Persuasion by Jane Austen

I read an extensive and exquisite post on the sequels to Jane Austen’s novel not long ago, and I immediately got a craving for one of Ms. Austen’s books. Although my all-time favorite is Pride and Prejudice, this time I chose Persuasion for some reason. I only read this novel once so far, and I did not like it very much that time, but I was curious how it might strike me now, reading it for the second time. Moreover, I could not really recall the story of this novel, while I know Pride and Prejudice almost by heart, and even though the story of Mr. Darcy and Elizabeth never ceases to fascinate me, now I wanted something else.

I will not dwell for long on the story, on the one hand, it can be found all over the internet, and on the other hand, Persuasion is set in the same limited world where all the other Austen novels are set, and it depicts the same intricate relationships existing among the noblemen of the countryside that can be found in every Austen novel. So just as in Ms. Austen’s other books, in Persuasion we get to know all the games, intrigues, strengths and weaknesses of every character, with a special emphasis on their attempts to catch a husband or a wife. In the meantime, we also get a clear and quite ironic picture of the everyday life and insurmountable problems of the country gentry.

I assume it comes as no surprise that after tackling the necessary number of obstacles, the hero and heroine of Persuasion are successfully united, but it seems to me that the mere fact of the protagonists’ marriage is the least important part of the novel, and in fact Ms. Austen gets done with the big reconciliation and all the usual explanations in a couple of pages.

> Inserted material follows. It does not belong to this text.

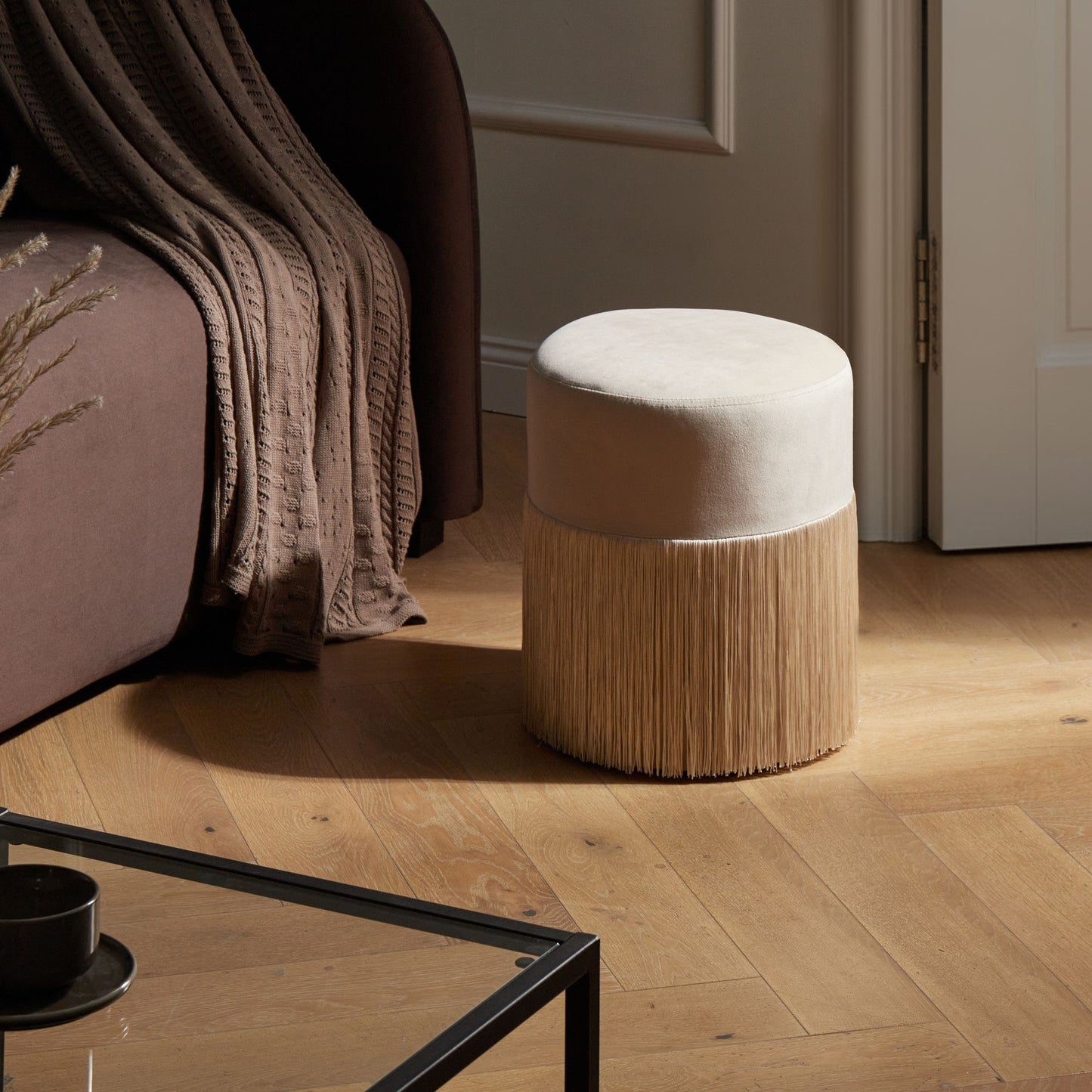 Velvet Beige Round Ottoman Pouffe With Tassels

In comparison with this, it is much more emphatic that the protagonists need to go through a long series of difficulties which provides them with ample opportunities to get to know their own and their lover’s personality, to learn to think in an independent and mature way, to regret their previous mistakes, and finally, to become really deserving of a sensible marriage based on similar ways of thinking and similar virtues.

Still, the process during which the characters acquire the self-awareness and maturity necessary for marriage is in itself but a small part of the novel. Much more important is the way Ms. Austen depicts contemporary society, and the way she proves her opinions with several witty, often sarcastic observations. Sometimes I felt as if Ms. Austen bothered with coming up with a plot only for the reason that hiding behind the façade of a light, romantic story she could freely indulge in irony and write down her opinions of everything she considered tiresome or ridiculous. Of course my heart is not made of stone either, and I shed some tears at the relevant parts of the novel, however, the fact that in the whole book we find around 5 pages of romantic love as opposed to 250 pages of realistically depicted vanity, selfishness, intrigue, vacuousness and weakness, seems to indicate that Ms. Austen was not the author of silly, lovely stories for romantic girls.

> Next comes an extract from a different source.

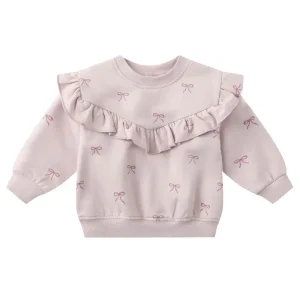 Ruffle Sweatshirt in Bows by Quincy Mae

The relative unimportance of the plot itself was also made obvious to me by the fact that Persuasion reminded me of Pride and Prejudice in several details. For instance, when the heroine, Anne learns at the beginning of the novel that there is a good chance that her former lover will come to the neighborhood again and will tread on the same paths she used to tread on, she emits the same big sighs as Ms. Eliza Bennet does when she arrives at Pemberley as a visitor, and contemplates that Pemberley is Mr. Darcy’s home and she is now walking on the same ground as her beloved does at other times. Of course it is possible that the heroines of a given novelist are in the habit of reacting to similar situations in a similar way, but I can also imagine that, when writing Persuasion, it was much more important for Ms. Austen to express her opinion than to create absolutely unique heroines, reactions and scenes.

And I believe that she succeeded very well in writing a highly ironic and critical novel. Apart from creating a series of strongly caricaturistic character (such as Anne’s father, the exceedingly vain Sir Walter; her sister, Mary, who always imagines that she is being trodden on by the others; or the slimy Mr. Eliot), she also strikes out at the everyday airs and social graces. For a 21st century reader of Ms. Austen, it may seem at once funny and pathetic how many things depended on such politeness formulas as making a sufficiently low bow for the other person, keeping up a conversation for the right amount of time, or being the winner in the “who is the most polite” competition of two equally courteous ladies – and Ms. Austen also knows very well how ridiculous this is. As a matter of fact, it is quite a wonder that despite all the obstacles and the general ignorance of the majority of the characters Ms. Austen is optimistic enough to let all her heroines be married at the end of her novels and to go as far as to imply that their marriage will be a success.

And to answer the question implied in the first paragraph of this post: I liked Persuasion much better now than for the first time, and I am sure that in the future I will not omit it from my regular Austen re-reading sprees.